Terceira Margem – Parte DXXXIX - Boa Vista – AC 01 (12.08.2019)


Rio Branco (12.08.2019) - Gente de Opinião
Rio Branco (12.08.2019)

Bagé, 25.01.2023

 


Um Sopro de Vida (Pulsações)

(Clarice Lispector)

Meu Deus, me dê a coragem de viver trezentos e sessenta e cinco dias e noites, todos vazios de Tua presença.

Me dê a coragem de considerar esse vazio como uma plenitude.

Faça com que eu seja a Tua amante humilde, entrelaçada a Ti em êxtase.

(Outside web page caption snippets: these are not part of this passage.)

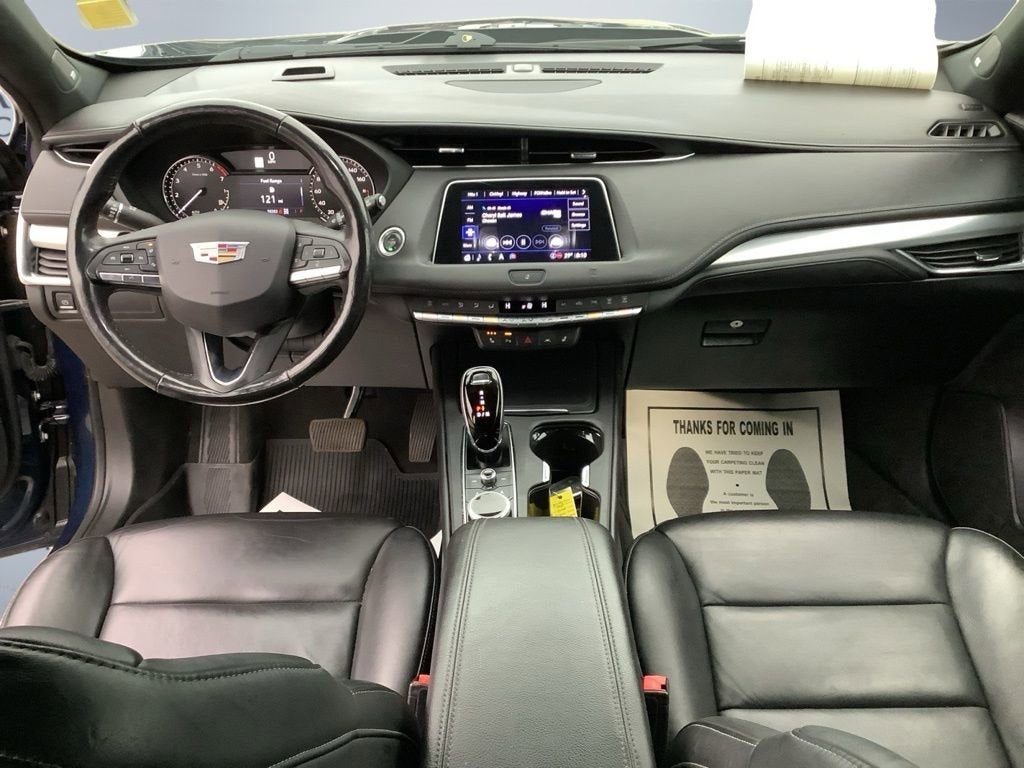 2021 Cadillac XT4 AWD Premium Luxury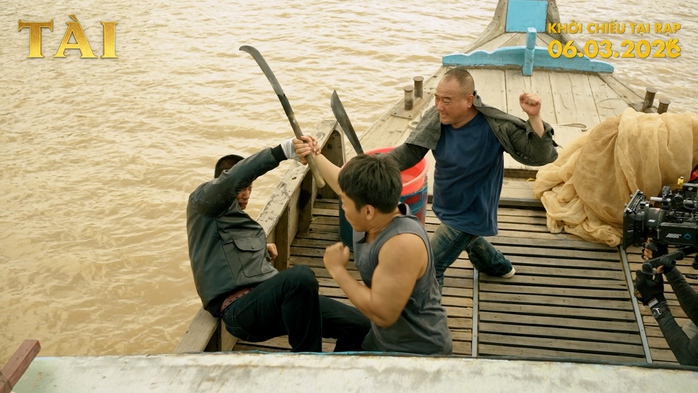 Phim Mỹ T&acirc;m &ndash; Mai T&agrave;i Phến vượt mặt "Thỏ ơi!!" Trấn Th&agrave;nh - Ảnh 7.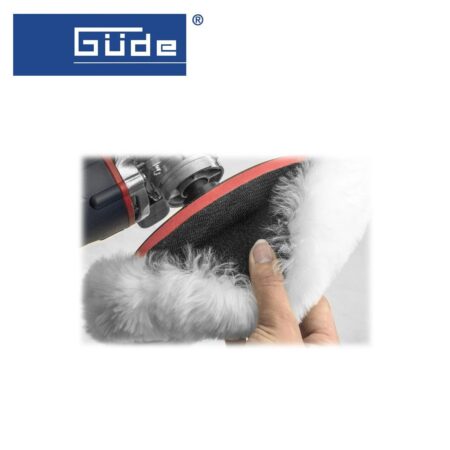Ъглошлайф 230мм GUDE WS 230-2350 R / 58109 / 6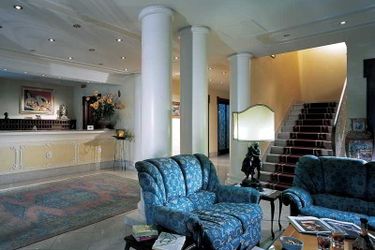 Hotel Terme Roma:  ABANO TERME - PADOVA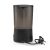 Back View of Nedis KACM150EBK Filter Coffee Maker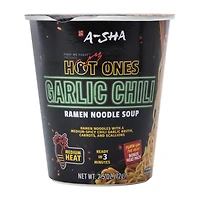 Hot Ones™ Garlic Chili Ramen Noodle Soup 2.5oz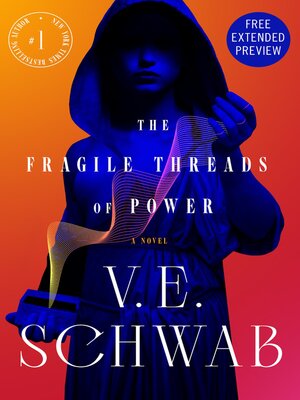 cover image of Sneak Peek for the Fragile Threads of Power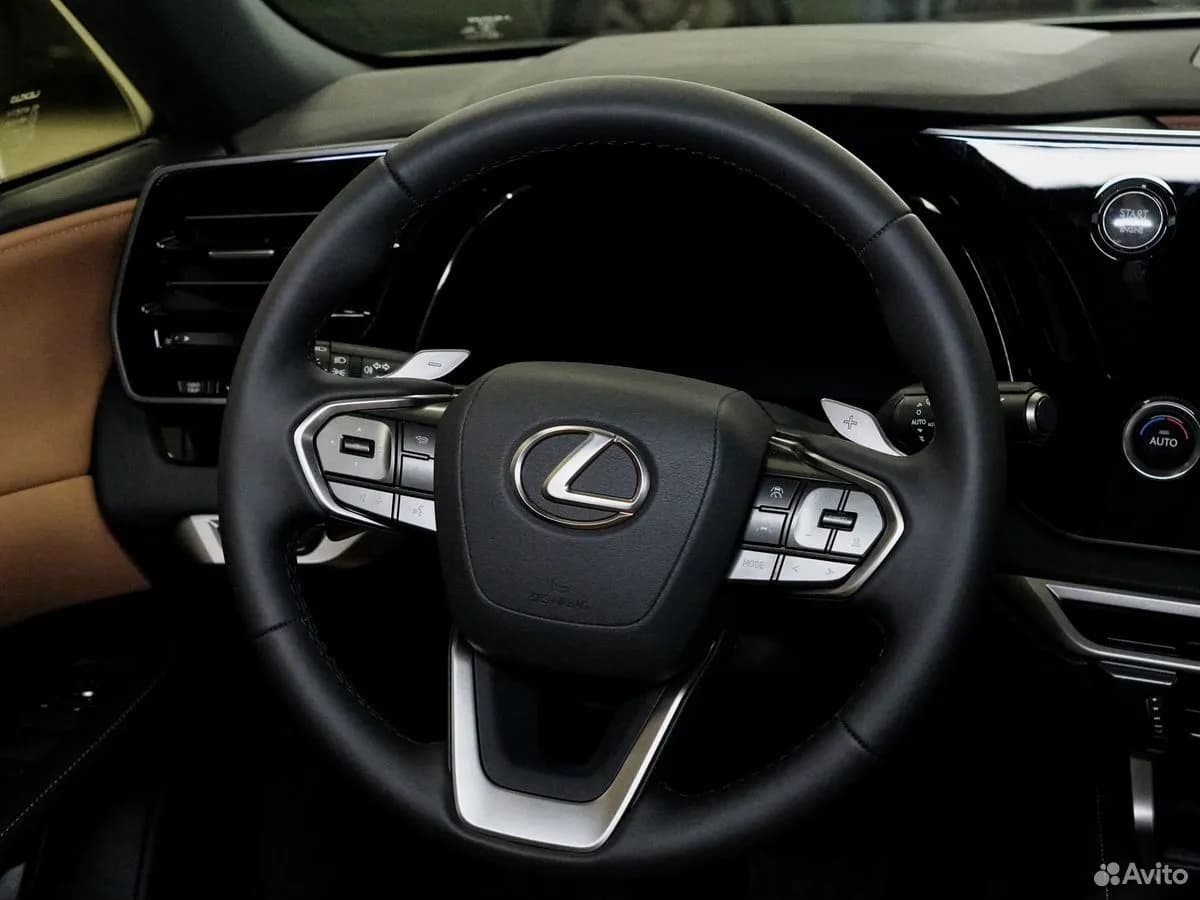 Lexus RX — фото 28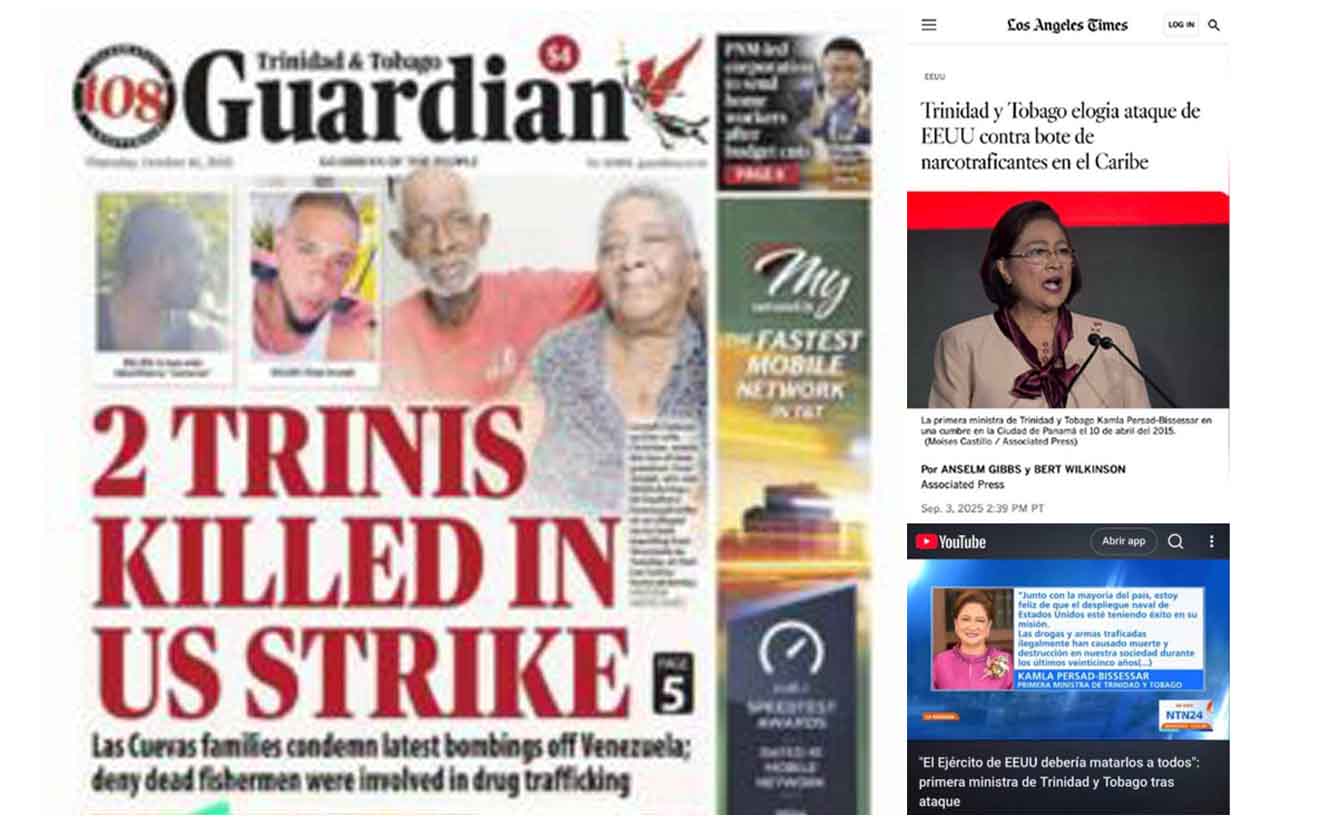Trinidad y Tobago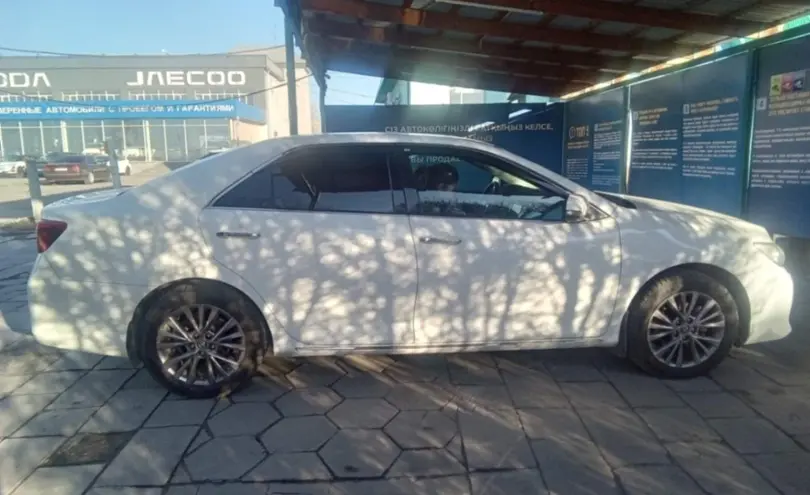 Toyota Camry 2012 года за 9 800 000 тг. в Талдыкорган фото 4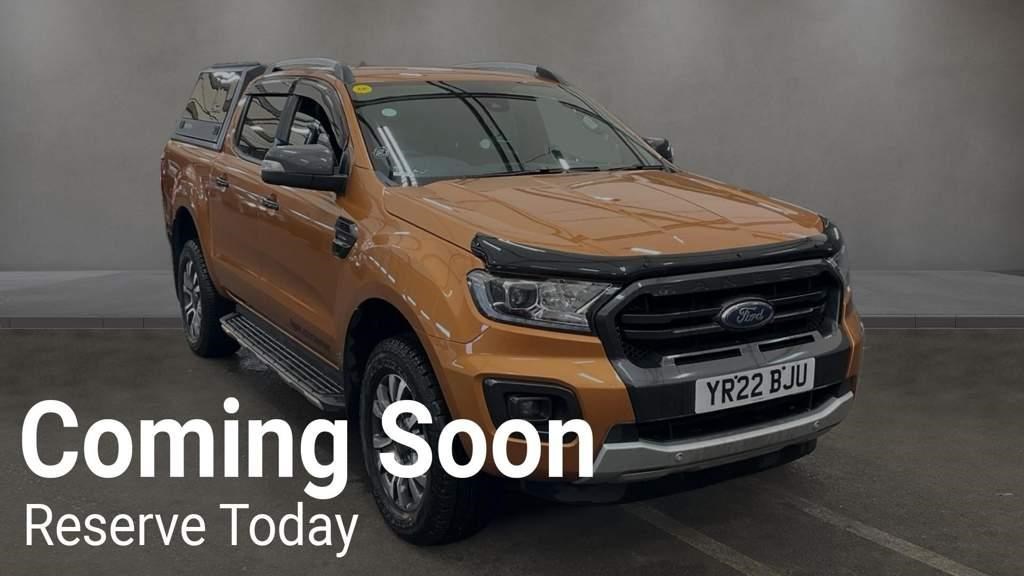 Ford Ranger Listing Image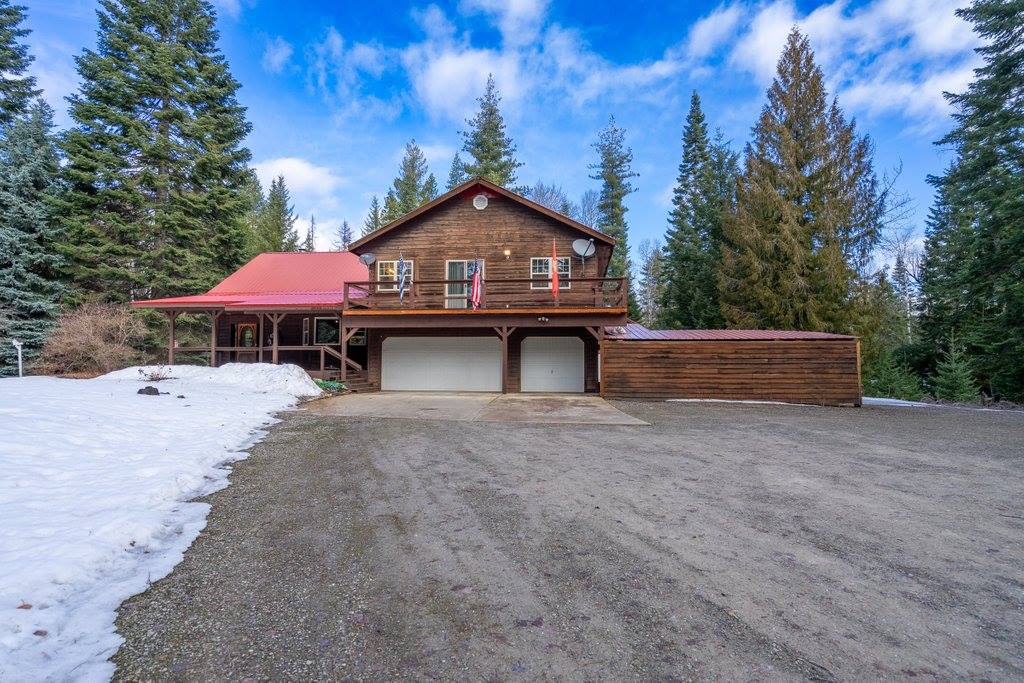 5312 Colburn Culver Rd, Sandpoint, ID 83864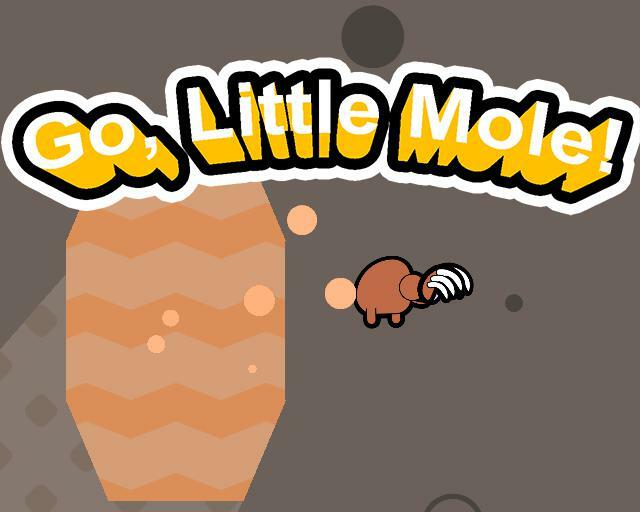 Go, Little Mole!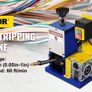 Electric Wire Stripping Machine NEW  Extra Blade Image 5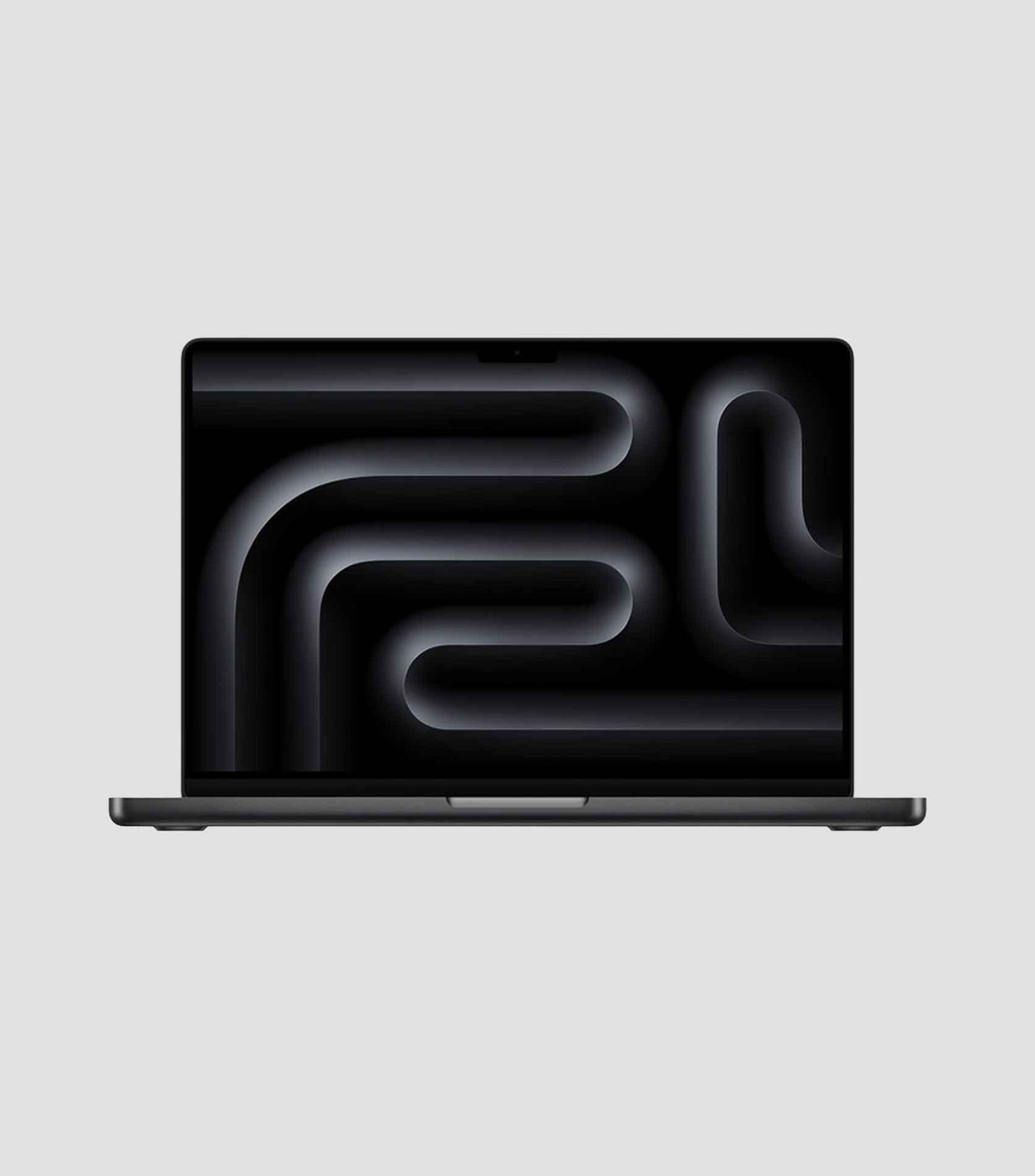 MacBook Pro, 14", Chip M5 Pro, RAM 24 GB, SSD 2 TB, Negro espacial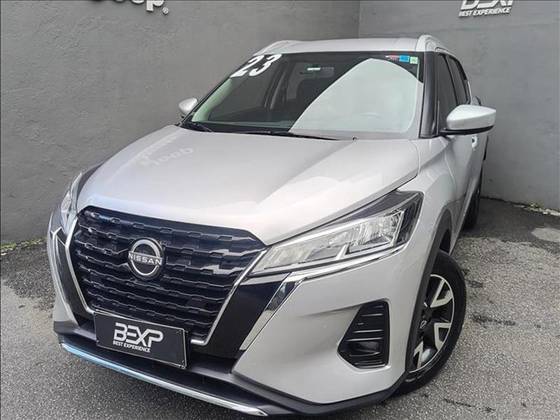 NISSAN KICKS 1.6 16V FLEXSTART SENSE XTRONIC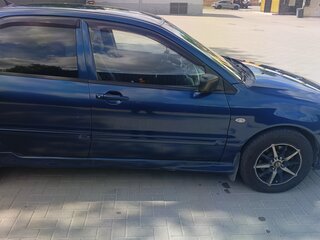2006 Mitsubishi Lancer IX, синий, 360000 рублей, вид 4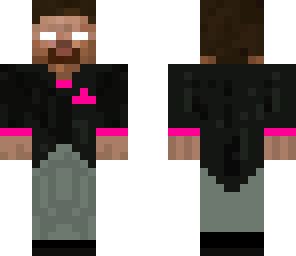 herobrine tuxedo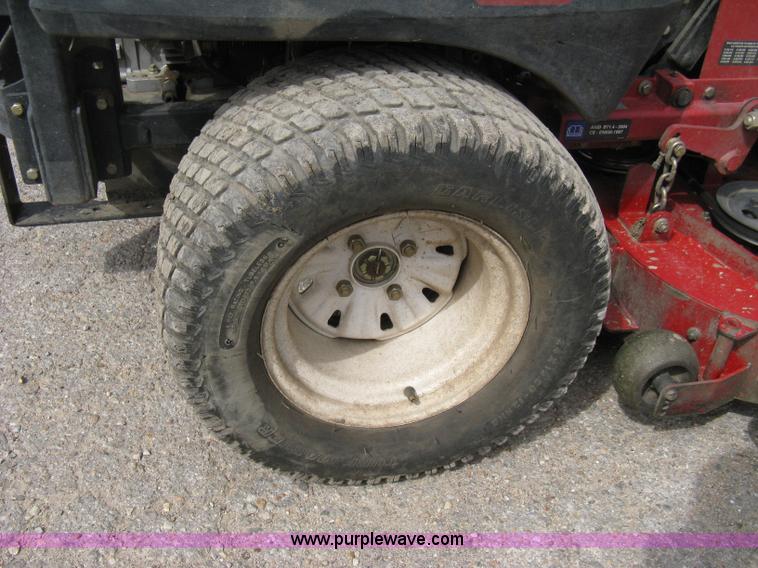 image for item A4334 Toro Z Master ZTR mower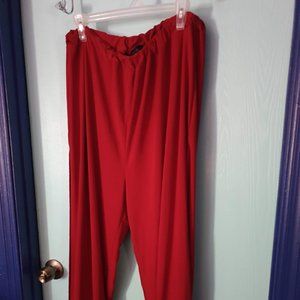 Forever21 Red Pants
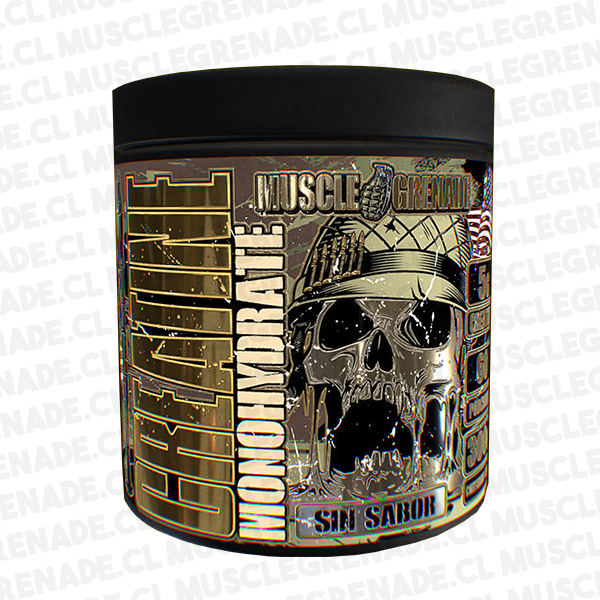 Creatina Muscle Grenade 300 g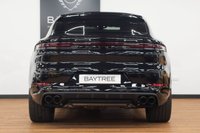 USED 2025 75 PORSCHE CAYENNE 3.0 V6 E-Hybrid 25.9kWh Black Edition Coupe  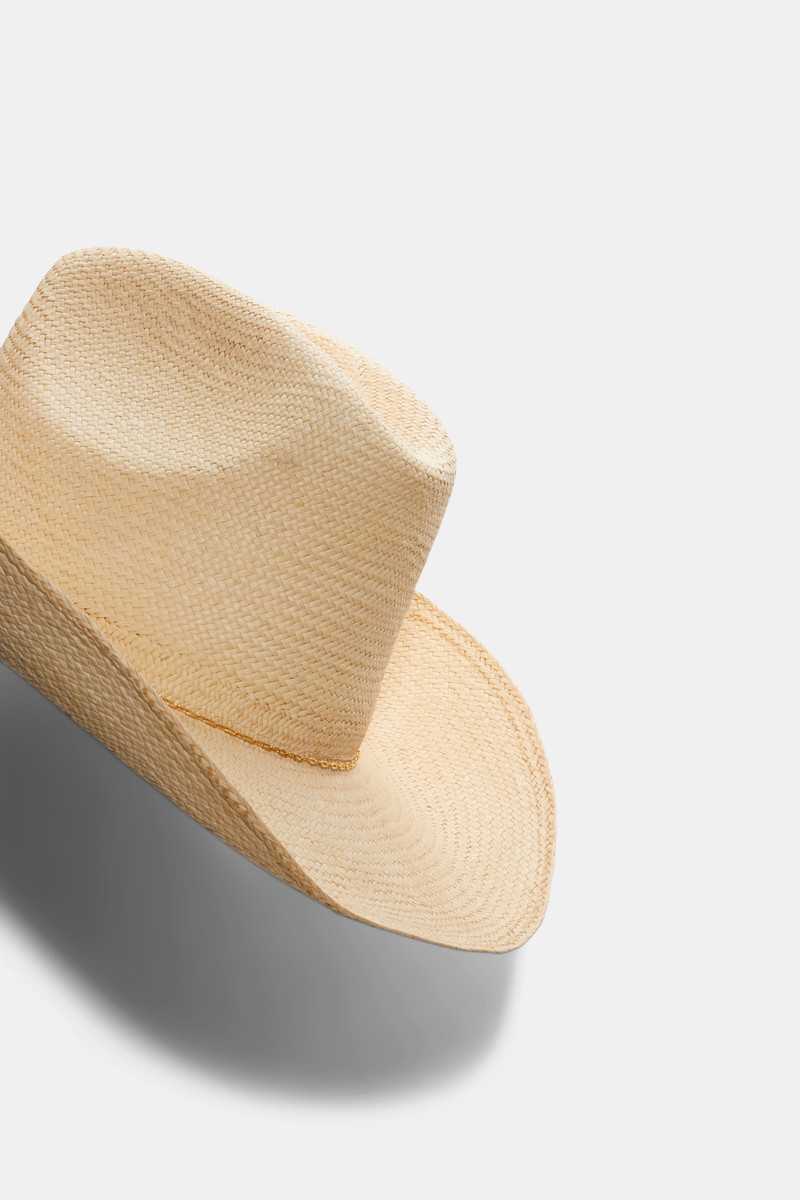SUMMER WESTERN Straw Cowboy Hat 5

Faça com que eu possa falar com este vazio tremendo e receber como resposta o amor materno que nutre e embala.

Faça com que eu tenha a coragem de Te amar, sem odiar as Tuas ofensas à minha alma e ao meu corpo.

Faça com que a solidão não me destrua.

Faça com que minha solidão me sirva de companhia.

Faça com que eu tenha a coragem de me enfrentar.

Faça com que eu saiba ficar com o nada e mesmo assim me sentir Como se estivesse plena de tudo.

Receba em teus braços o meu pecado de pensar.

Adiei a partida, para causar menos transtorno aos meus apoiadores, e, em vez de partir no final de semana, resolvi iniciar a jornada na segunda-feira. Enviei esta mensagem para os amigos e familiares no dia 11 de agosto:

Parto segunda-feira (12 de agosto) para Manaus.

Ligarei o rastreador às 05h30 (06h30 de Brasília).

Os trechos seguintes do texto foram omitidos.